En agosto de 2021, tras forzar la retirada de las fuerzas occidentales y conquistar las principales ciudades del país, los talibanes restablecieron su Emirato Islámico en Afganistán. Ganaron la guerra gracias a su administración paralela, caracterizada por una justicia menos corrupta que la impartida por el régimen apoyado por la coalición occidental (1), pero las rudimentarias instituciones que han creado no pueden responder a las necesidades de una población de 30 millones de habitantes, en pleno crecimiento demográfico y empobrecida por décadas de conflicto armado.
Antes de hacerse con la jefatura del Estado, los talibanes podían concentrarse en las cuestiones relacionadas con la justicia. En este ámbito, el simple hecho de hacerlo mejor que los gobiernos de Hamid Karzai y luego de Ashraf Ghani, cuya desidia era manifiesta, les garantizaba el favor popular (2). Pero la estrategia insurreccional, que consistía en ignorar los numerosos problemas políticos, sociales y económicos para los que no tenían respuestas, ya no es posible. Actualmente, los afganos no solo necesitan a los líderes del movimiento para resolver disputas por la tierra o para denunciar robos o asesinatos, la población también les reclama políticas que satisfagan sus necesidades básicas: alimentar a sus familias, escolarizar a sus hijos, recibir atención médica o conseguir un empleo. Todas estas son cuestiones que los líderes afganos habían desatendido hasta la fecha. Por ello necesitan nuevos planteamientos. Sobre todo, porque ahora ya no ejercen el control solo sobre zonas rurales, donde su ideología conservadora y patriarcal encontraba una respuesta favorable, sino también sobre zonas urbanas y la región chií de Hazarajat, lugares particularmente reacios a su regreso al poder.
Los talibanes están implantando su nuevo régimen en un país exangüe tras cuarenta y tres años de guerra y dos décadas de gobiernos corruptos y nepotistas. La intervención internacional más importante de la historia apenas ha traído infraestructuras, ya que tres cuartas partes de los fondos desembolsados pasaron por Afganistán para luego volver a los países occidentales a través de dispositivos de subcontratación en cadena así como de la facturación de los costes operativos. En cuanto a la mayor parte del dinero realmente gastado en el país, gran parte fue malversada por los potentados del régimen. En vísperas de la toma de Kabul (15 de agosto de 2021), el presupuesto del gobierno de Ghani, equivalente a 6000 millones de dólares, continuaba dependiendo en gran medida de la ayuda internacional, y buena parte de los servicios esenciales estaban cubiertos por proyectos de cooperación internacional y de organizaciones no gubernamentales (ONG) financiados por países occidentales.

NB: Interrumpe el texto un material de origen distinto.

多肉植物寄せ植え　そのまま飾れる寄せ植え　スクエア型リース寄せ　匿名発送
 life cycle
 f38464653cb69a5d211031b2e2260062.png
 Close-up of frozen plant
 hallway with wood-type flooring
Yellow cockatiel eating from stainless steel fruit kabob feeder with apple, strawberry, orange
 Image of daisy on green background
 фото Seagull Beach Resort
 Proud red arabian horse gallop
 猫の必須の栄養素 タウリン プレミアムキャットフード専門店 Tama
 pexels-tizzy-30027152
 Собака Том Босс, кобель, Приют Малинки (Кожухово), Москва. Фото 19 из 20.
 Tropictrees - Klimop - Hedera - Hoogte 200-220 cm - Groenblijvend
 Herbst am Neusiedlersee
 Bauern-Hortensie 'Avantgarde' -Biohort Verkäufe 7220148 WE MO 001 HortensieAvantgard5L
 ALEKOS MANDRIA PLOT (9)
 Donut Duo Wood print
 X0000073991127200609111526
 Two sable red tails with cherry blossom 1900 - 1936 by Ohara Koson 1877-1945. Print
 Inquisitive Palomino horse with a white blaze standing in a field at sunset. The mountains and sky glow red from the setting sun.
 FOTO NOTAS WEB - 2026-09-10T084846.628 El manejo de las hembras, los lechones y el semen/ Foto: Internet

En este contexto, los talibanes se esfuerzan por mantener en funcionamiento una Administración diezmada, recurriendo a los ingresos aduaneros, en gran medida malversados en décadas anteriores. También están asegurándose de que el pequeño comercio pague algunos impuestos (antes ignorados). Por último, han aumentado los gravámenes sobre el tráfico de camiones, las recargas telefónicas y las exportaciones de carbón con destino a Pakistán. En un contexto de interrupción de la ayuda internacional, las nuevas autoridades consiguieron hacerse con un presupuesto equivalente a 2600 millones de dólares en 2022, es decir, 2,5 veces inferior al de los años precedentes. Aunque en septiembre de 2021 los talibanes mantuvieron en sus puestos a la mayoría de funcionarios, luego se han visto obligados a despedir a muchos por falta de fondos para pagarles las nóminas.
Así pues, el Estado se ve limitado a sus funciones administrativas justo en el momento en que una hambruna histórica asola el país. Esta era de prever, habida cuenta de las sucesivas sequías de los últimos años. El 95% de los afganos vive ahora por debajo del umbral de la pobreza y la mitad de la población es incapaz de alimentarse adecuadamente. A todo ello hay que añadir el fuerte deterioro de la enseñanza y la sanidad, los dos únicos ámbitos en los que la intervención occidental había aportado avances significativos. Los talibanes no han llegado a elaborar nunca políticas reales en torno a estas cuestiones, a pesar del entusiasmo de la población afgana por las escuelas y las clínicas. Durante la guerra, la presión popular era tal que el movimiento talibán dejó finalmente de atacar estas infraestructuras a finales de la década de 2000. Es más, los talibanes permitieron que los donantes occidentales financiaran escuelas y clínicas en los territorios bajo su control, conformándose con plantar su bandera en la entrada e imponer algún cambio en el equipo de dirección. Ahora que están en el poder, tienen que suplir la marcha de las organizaciones vinculadas a los países occidentales, a pesar de que ni la educación ni la sanidad ocupan un lugar destacado en su lista de prioridades.